Without more information, it sounds like you may have a clogged fuel filter.


----------



## lilfoo22 (Mar 22, 2010)

all this and no check engine light?


----------



## jward2 (Jul 12, 2010)

brought it on the best auto repair shop, if you want to sell it you need to fix it first, so bring it to the best shop.


----------



## nissan4x4.27 (Jul 8, 2009)

it has been to the best shop around here plus the dealer and still nothing and no check engine light i just want it fixed and sell it


----------



## CMax03 (Jan 17, 2009)

Check for CEL, check your compression in each cylinder, check your timing, if all this is good then unplug the MAF and then see if it runs better....I'm thinking that these 3 things could be your problem IF YOUR TIMING AND COMPRESSION IS GOOD!
1.Maf sensor
2.Water temp sensor
3.Knock Sensor


----------



## nissan4x4.27 (Jul 8, 2009)

everything is good like timing is 100 % good and same with compression but if one of the 3 were bad wouldnt there be codes and i dont have codes


----------



## lilfoo22 (Mar 22, 2010)

maybe fuel filter.


----------



## nissan4x4.27 (Jul 8, 2009)

thats new and ya idk anymore


----------



## rogoman (Dec 16, 2004)

nissan4x4.27 said:


> so its my last try to try and fix my truck. it wont run when cold and some time hot. i have to sit in it and hold it at 2300 to warm it up before i can drive it


There is a device mounted on the engine called an air regulator which is located on the passenger's side of the engine, near the back, below the intake manifold. When the engine is cold and idling, the air regulator allows additional air to flow to the engine thus maintaining a good idle. There's a good chance the air regulator is defective or the electrical connections are bad. 

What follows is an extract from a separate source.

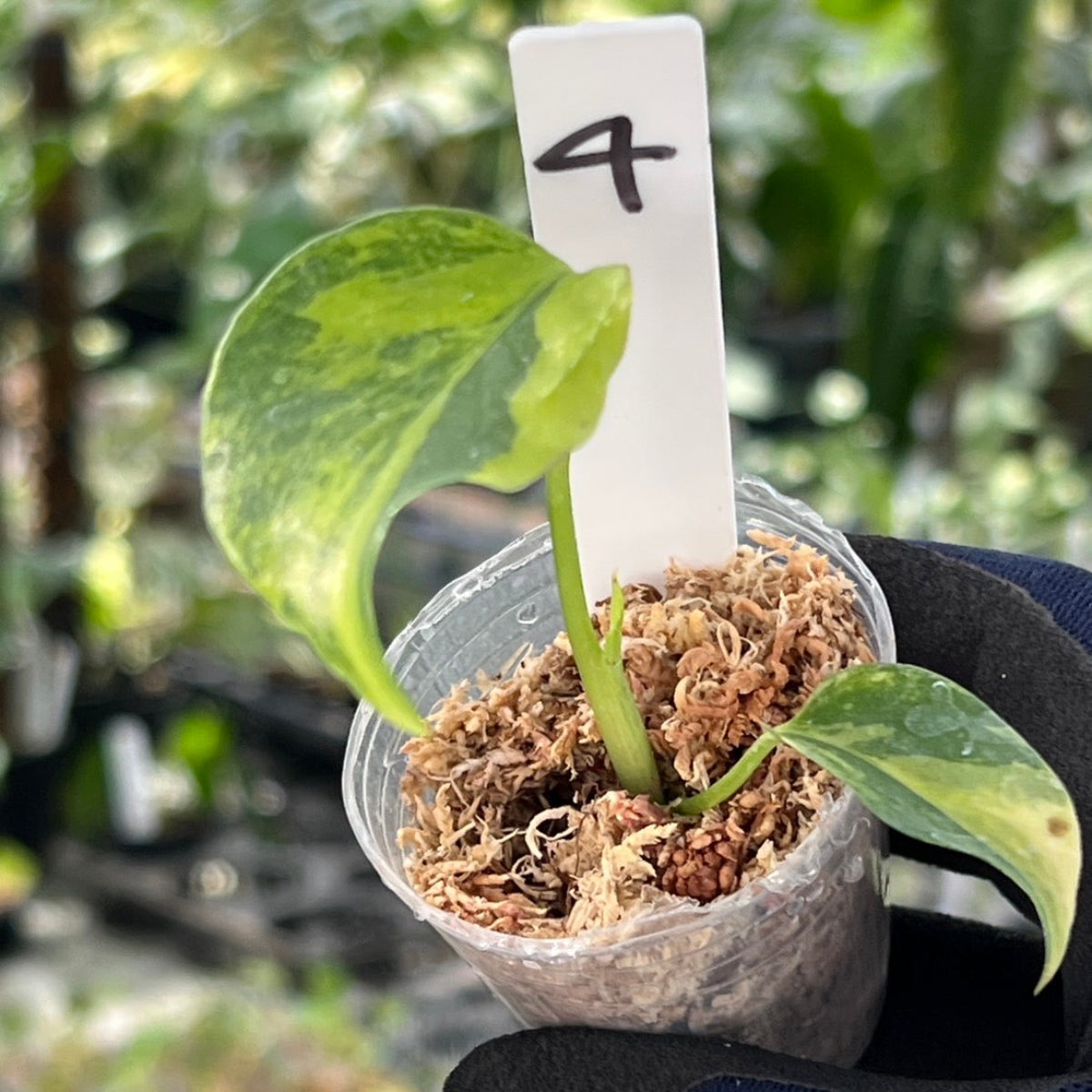 モンステラ・デリシオーサ 'イエローマリリン' – RARE PLANTS JAPAN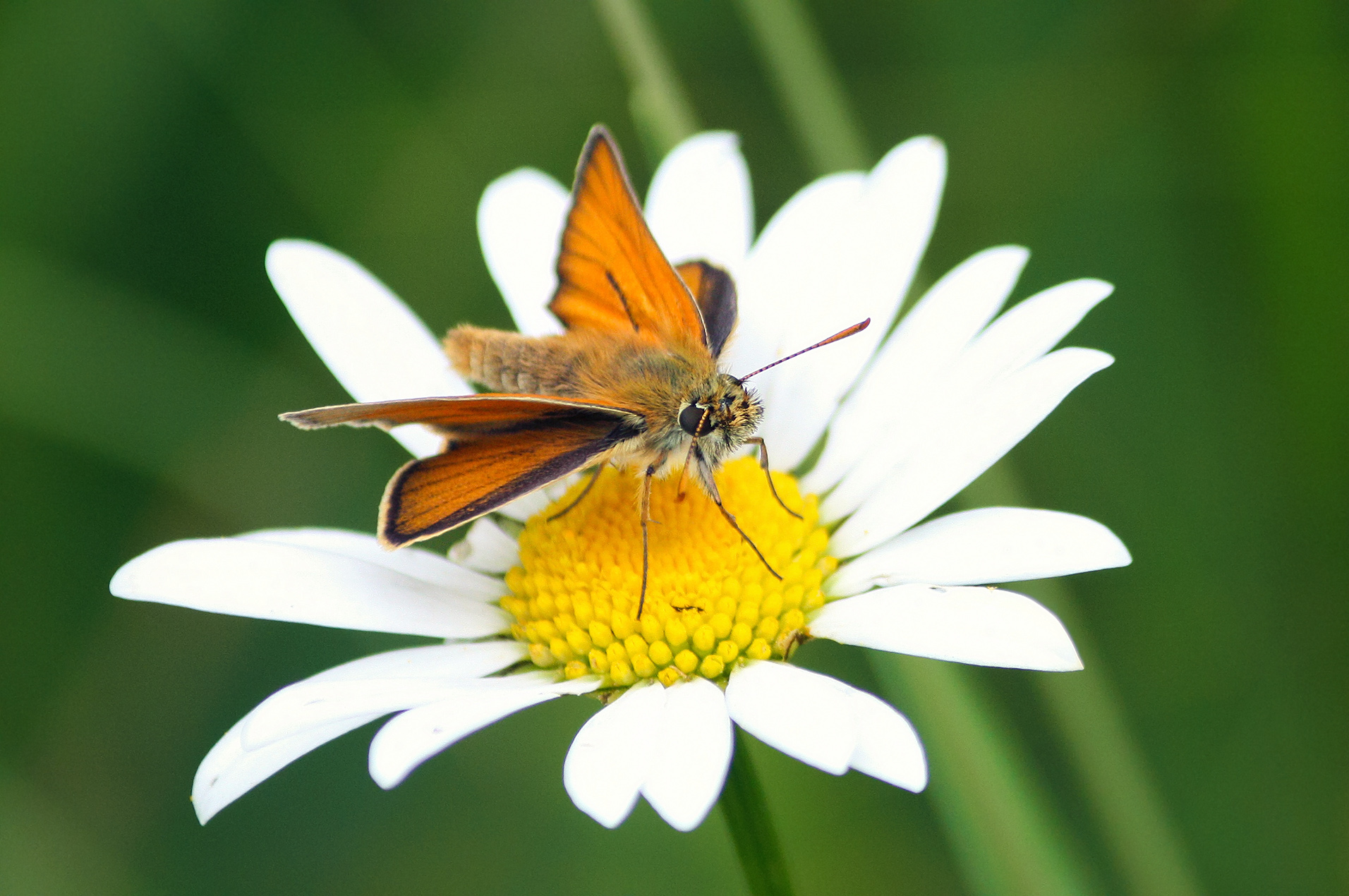 бабочка, толстоголовка сельская, толстоголовка жёлтая,  жёлто-охристая бронзовокрылка, толстоголовка западная лесная, толстоголовка лесная, thymelicus sylvestris, КарОл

Also there may be a major vacuum leak in the intake system. To check for a vacuum leak, attach a vacuum gauge to a full vacuum source. With the motor fully warmed up, the reading at idle should be 18 - 20 InHg. At 3,000 RPM, it should be 21 InHg.

If readings are under 18 InHg, check the intake manifold nuts to make sure they are tight. Also check the intake plenum bellows at the throttle valve and at the MAF for cracks or loose clamps.


----------



## nissan4x4.27 (Jul 8, 2009)

ok like in my other post ppl say vacuum leaks but i look over and over and nothing and the air regulator is good and new so i mean idk anymore cause over half the stuff is new


----------



## rogoman (Dec 16, 2004)

Just looking around to try to spot a possible vacuum is usually not good enough; you need to use a vacuum gauge to do it properly.


----------



## nissan4x4.27 (Jul 8, 2009)

i have done it all and same with shops and all my vacuum is good. someone told me that if i mess with the idle screws on the throttle body i will never get them back and would have to buy a new throttle body but i dont know how true that is but there r no codes nor any vacuum problems


----------



## CMax03 (Jan 17, 2009)

$$$$$ how much for the problematic heap?


----------



## nissan4x4.27 (Jul 8, 2009)

i want at least 1700 obo


----------



## lilfoo22 (Mar 22, 2010)

so everything is brand new or works correctly? any possible part it can be is brand new and all is sound. so everything should be fine. that just dont make sense. heck id keep that vehicle cause your the only one i know where everything has been checked and is in good working order or a brand new part and it still dont run right. it might be worth a ton of money. or you could donate it to a museum.


----------



## nissan4x4.27 (Jul 8, 2009)

it needs to go asap i cant hold on to it anymore. i have had it for6 years


----------



## lilfoo22 (Mar 22, 2010)

you know i had a friend that had this similar issue and it was a plugged up catalytic converter.


----------



## nissan4x4.27 (Jul 8, 2009)

mines not that was one thing i did check


----------



## nissan4x4.27 (Jul 8, 2009)

so anything else i want to fix it before the guy comes and looks at it sunday


----------